A song by my friend Chris Zerbe seems appropriate. It's called Life Goes By. Robert Frost once said that the only thing he knew for certain about life is that it goes on. And overall, he is correct if you look at the big picture. Life, at least on our planet, is fecund and proliferative. On and on and on it goes. But that is very different from what Chris sings. He writes about an individual life, yours or mine. It passes as it goes on. And it goes by. 
  We are, as the evidence suggests, given one shot at it. This is all we have and we do ourselves a disservice if we don't live as if every day, in fact every moment, is an unique opportunity to thrive and flourish in the possibilities randomly offered us. 

  The day fades and the sun sinks behind the trees. The fog has crept closer to shore, it might make it to the house yet. I walk back over to the beach to check on its progress. The water is calm and two surfers sit on their boards patiently waiting for a wave. Or more likely just enjoying the peace of being on the water on such a beautiful evening. 
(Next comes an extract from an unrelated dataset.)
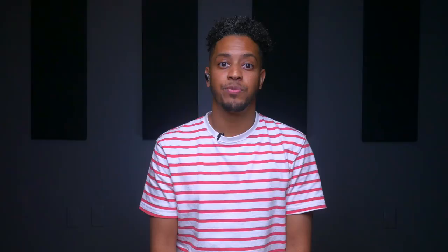So there you have it — a few simple tips and an essential groove to get you started playing maracas. If you're interested in learning more about how to play Latin percussion in-depth and step-by-step, make sure to head over to CongaChops.com and grab your free 7-day trial for access to over 50 hours of exclusive lessons.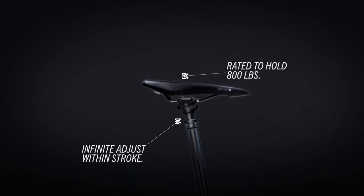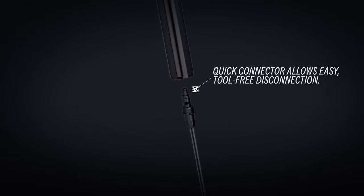Infinite adjust, lower air pressure and static seals mean unrivaled performance, control and reliability.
  Back home I keep my purple fleece sweater on and I open all the windows to the cooling night air. The fog is getting closer and it brings with it the smells of wet sand, kelp and the unmistakable feint hint of tar so particular to this stretch shoreline. 
 A thoughtful friend brought by a bottle of Grenache the other night and I pop the cork, one of the more satisfying sounds of a well lived life, and pour a healthy glass. It has the definite characteristics of the Santa Ynez Valley. It is the only terroir that I can pick out after one sip. It is one more gentle reminder of harvest time. This being the month when the grapes are picked and the vines start to glow yellow and gold. 
  I put on Michelle Makarski and Keith Jarrett playing Bach sonatas for violin and piano. It is intense and delicate music that requires being attentive. And for a while I simply sip wine and focus on the music. 
 Later I fall asleep with wisps of mist drifting in my window.